RECORDS TO USE:
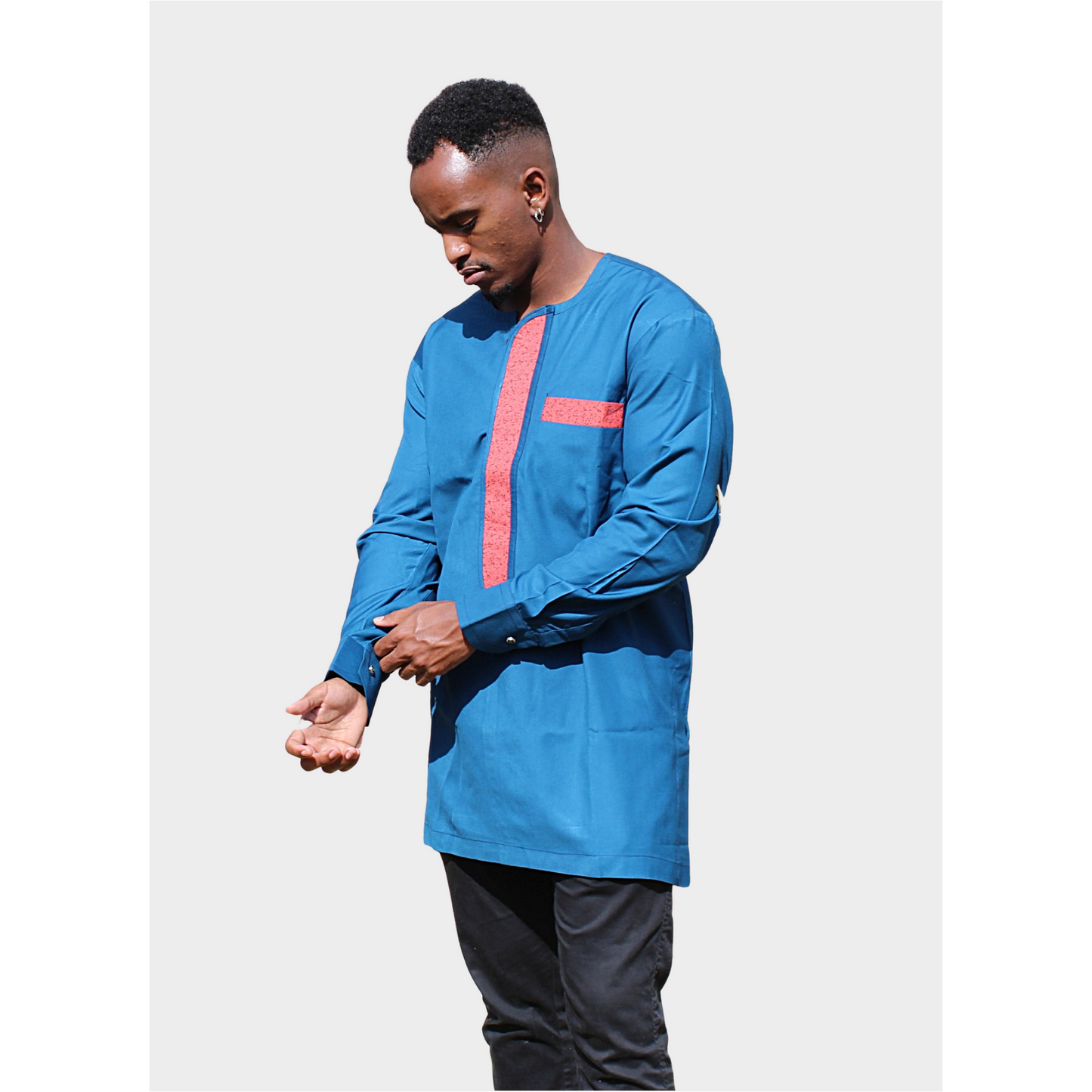 Nsuta Men's African Shirt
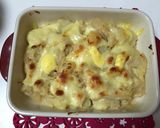 新玉ねぎ・じゃがいもの簡単グラタン作り方5写真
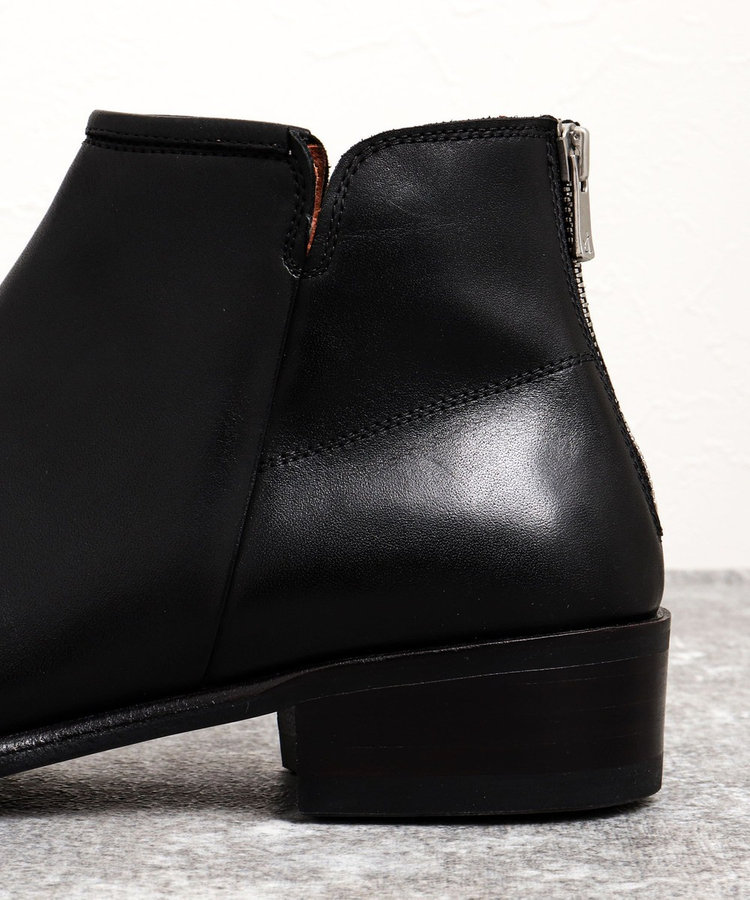 【EARLE/アール】ER2202 Back Zip Short Boots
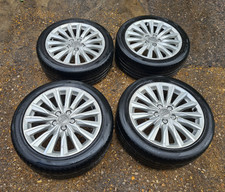 AUDI A3 8V E-TRON 2017 17" INCH ALLOY WHEELS SET 225/45R17 8V0601025CB #2K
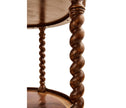 Jonathan Charles Regency Mahogany Round Side Table
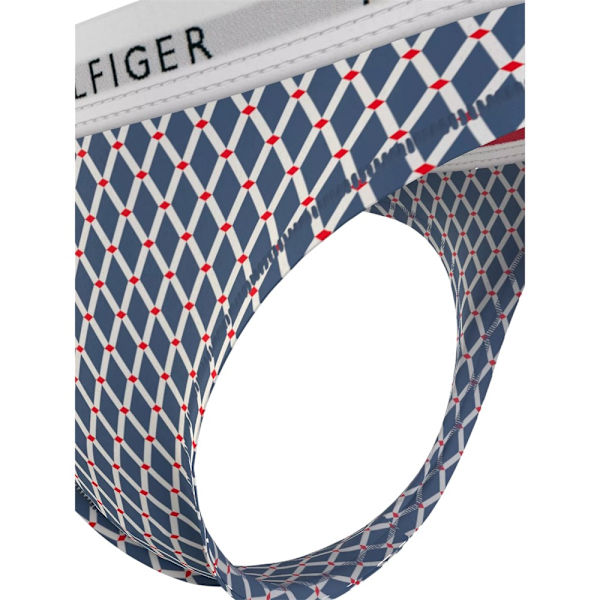 Majtki Tommy Hilfiger UW0UW0454701Z Vit,Blå XS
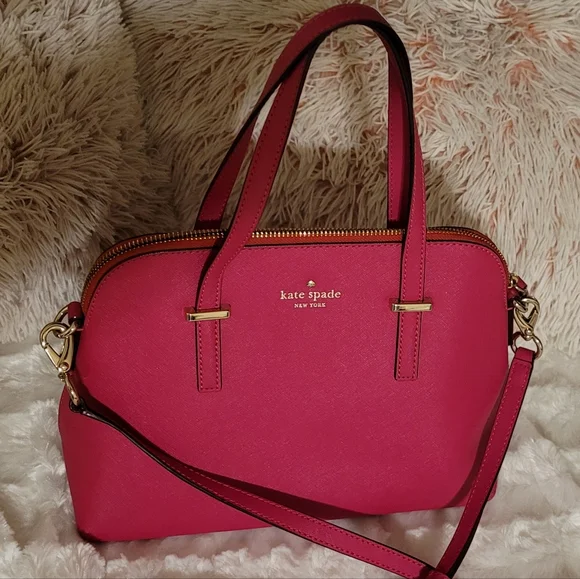 Kate Spade Cedar Street Maise Leather Handbag - EUC - Picture 5 of 11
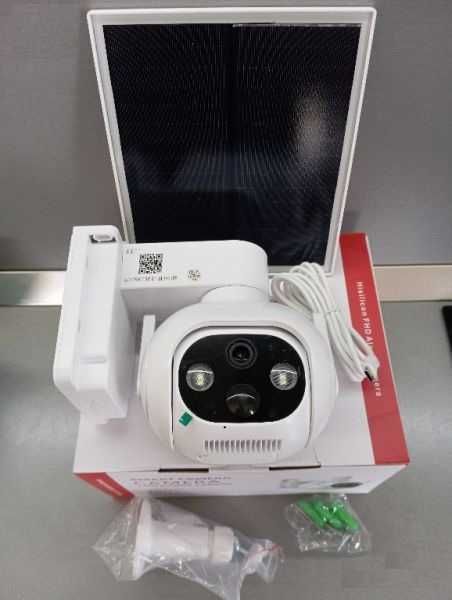 ICSEE Соларна Wifi камера с отделен панел 6MP - 517Z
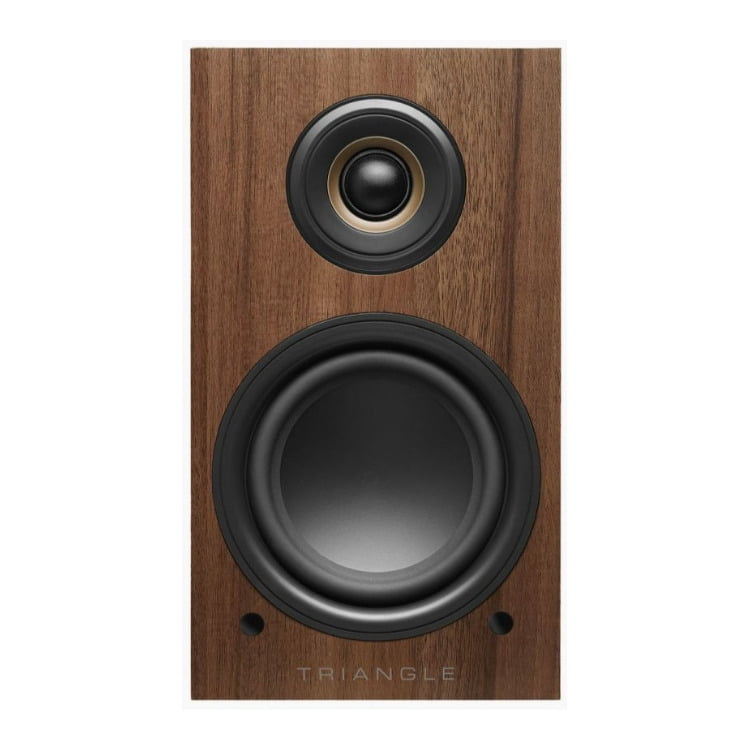 Triangle LN01A Wireless Bluetooth Bookshelf Speakers (Chestnut, Pair)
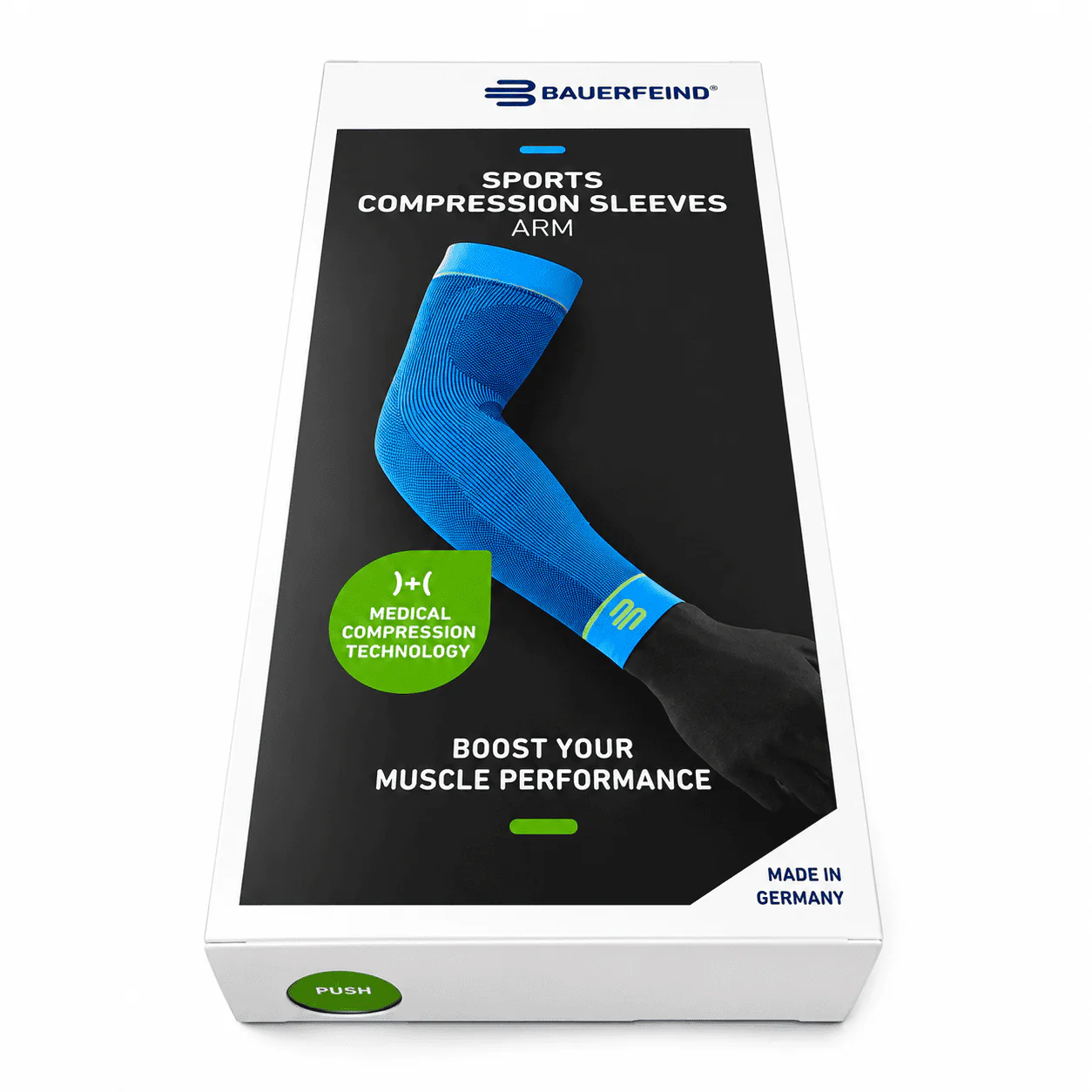 Bauerfeind Unisex Sports Compression Arm Sleeve 20-30mmHg - Image 6
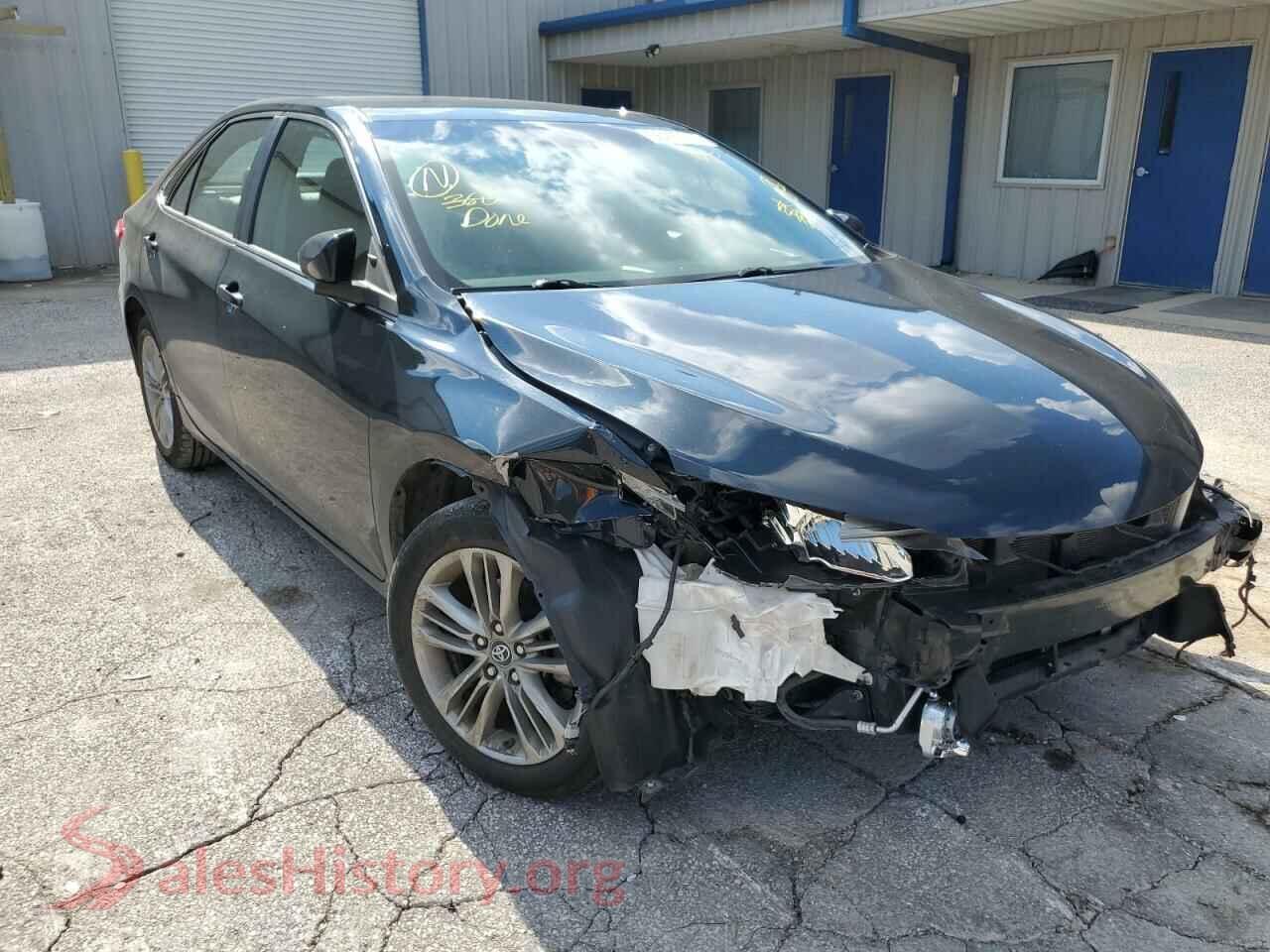 2017 TOYOTA CAMRY — VIN 4T1BF1FK4HU399548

REQUIRED WORK: The copy has to start at the line that contains "新玉ねぎ・じゃがいもの簡単グラタン作り方5写真" and end at the last line of the material above, matching the original exactly and holding no pictures.

FINISHED EXERCISE:
 新玉ねぎ・じゃがいもの簡単グラタン作り方5写真
 【EARLE/アール】ER2202 Back Zip Short Boots
 AUDI A3 8V E-TRON 2017 17" INCH ALLOY WHEELS SET 225/45R17 8V0601025CB #2K
 Jonathan Charles Regency Mahogany Round Side Table
 Majtki Tommy Hilfiger UW0UW0454701Z Vit,Blå XS
 Kate Spade Cedar Street Maise Leather Handbag - EUC - Picture 5 of 11
 ICSEE Соларна Wifi камера с отделен панел 6MP - 517Z
 Triangle LN01A Wireless Bluetooth Bookshelf Speakers (Chestnut, Pair)
 Bauerfeind Unisex Sports Compression Arm Sleeve 20-30mmHg - Image 6
 2017 TOYOTA CAMRY — VIN 4T1BF1FK4HU399548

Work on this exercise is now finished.